Using the data below, output a verbatim copy of the lines between the one holding "Cette charmante maison" and the one holding "Used 2023 Chrysler Voyager LX FWD image 39", inclusive, without any pictures.

◆ MATERIAL FOR THIS EXERCISE:
== Segment start ==

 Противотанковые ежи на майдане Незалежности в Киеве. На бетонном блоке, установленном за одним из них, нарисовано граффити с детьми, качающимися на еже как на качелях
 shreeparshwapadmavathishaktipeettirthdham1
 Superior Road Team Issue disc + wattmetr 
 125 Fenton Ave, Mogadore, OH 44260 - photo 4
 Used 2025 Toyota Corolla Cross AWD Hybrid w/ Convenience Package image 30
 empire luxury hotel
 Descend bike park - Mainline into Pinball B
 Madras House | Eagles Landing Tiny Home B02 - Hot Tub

== Segment end ==
== Segment start ==

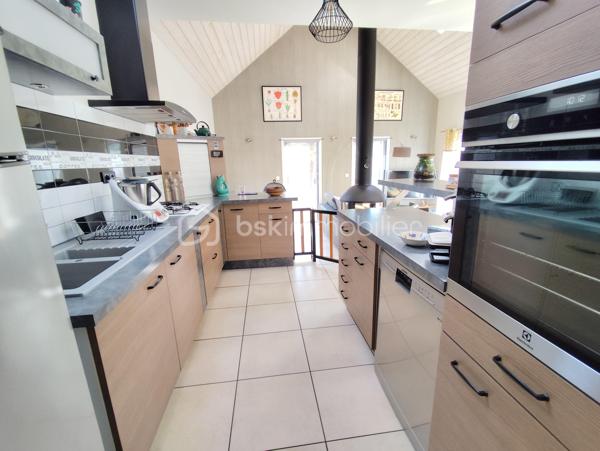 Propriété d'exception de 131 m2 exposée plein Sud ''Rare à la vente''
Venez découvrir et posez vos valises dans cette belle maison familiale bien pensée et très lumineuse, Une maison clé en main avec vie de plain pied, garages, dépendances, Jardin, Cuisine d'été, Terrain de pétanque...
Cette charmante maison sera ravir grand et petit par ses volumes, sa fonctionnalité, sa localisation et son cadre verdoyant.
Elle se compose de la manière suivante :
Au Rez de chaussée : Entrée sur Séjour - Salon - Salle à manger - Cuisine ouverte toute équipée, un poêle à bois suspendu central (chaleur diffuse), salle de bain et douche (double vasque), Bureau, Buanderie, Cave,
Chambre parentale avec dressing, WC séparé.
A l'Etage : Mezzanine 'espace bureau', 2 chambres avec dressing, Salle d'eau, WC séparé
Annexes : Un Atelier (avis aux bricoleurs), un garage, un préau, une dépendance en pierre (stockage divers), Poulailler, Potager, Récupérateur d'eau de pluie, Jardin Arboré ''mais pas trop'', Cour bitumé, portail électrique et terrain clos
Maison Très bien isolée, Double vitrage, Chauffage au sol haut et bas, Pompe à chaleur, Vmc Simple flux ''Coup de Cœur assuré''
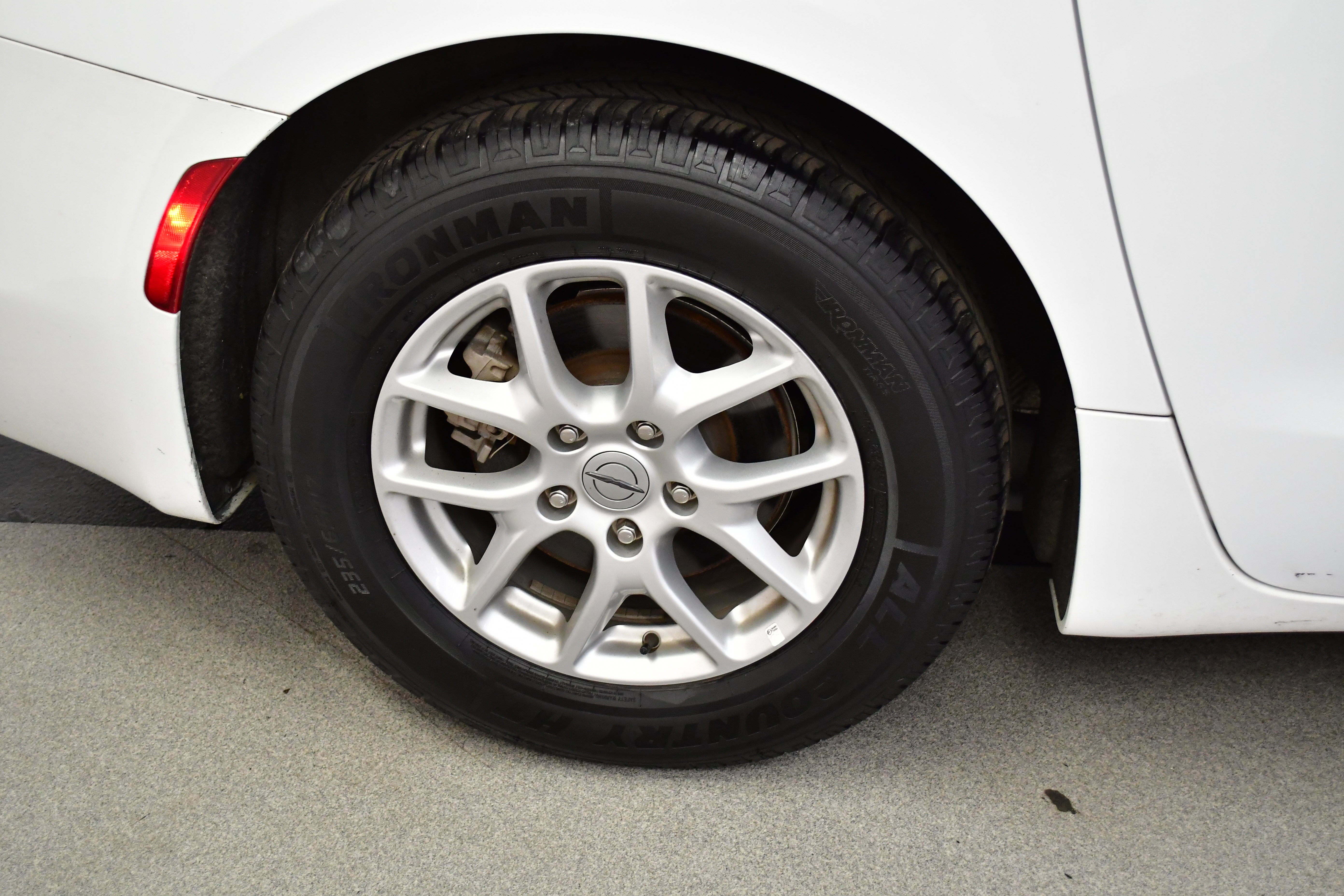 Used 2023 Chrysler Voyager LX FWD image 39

== Segment end ==
== Segment start ==

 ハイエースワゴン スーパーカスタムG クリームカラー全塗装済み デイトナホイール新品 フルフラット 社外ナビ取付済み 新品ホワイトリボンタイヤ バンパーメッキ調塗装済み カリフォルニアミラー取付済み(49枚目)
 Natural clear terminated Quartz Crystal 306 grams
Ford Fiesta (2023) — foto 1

== Segment end ==

◆ COMPLETED EXERCISE:
Cette charmante maison sera ravir grand et petit par ses volumes, sa fonctionnalité, sa localisation et son cadre verdoyant.
Elle se compose de la manière suivante :
Au Rez de chaussée : Entrée sur Séjour - Salon - Salle à manger - Cuisine ouverte toute équipée, un poêle à bois suspendu central (chaleur diffuse), salle de bain et douche (double vasque), Bureau, Buanderie, Cave,
Chambre parentale avec dressing, WC séparé.
A l'Etage : Mezzanine 'espace bureau', 2 chambres avec dressing, Salle d'eau, WC séparé
Annexes : Un Atelier (avis aux bricoleurs), un garage, un préau, une dépendance en pierre (stockage divers), Poulailler, Potager, Récupérateur d'eau de pluie, Jardin Arboré ''mais pas trop'', Cour bitumé, portail électrique et terrain clos
Maison Très bien isolée, Double vitrage, Chauffage au sol haut et bas, Pompe à chaleur, Vmc Simple flux ''Coup de Cœur assuré''
 Used 2023 Chrysler Voyager LX FWD image 39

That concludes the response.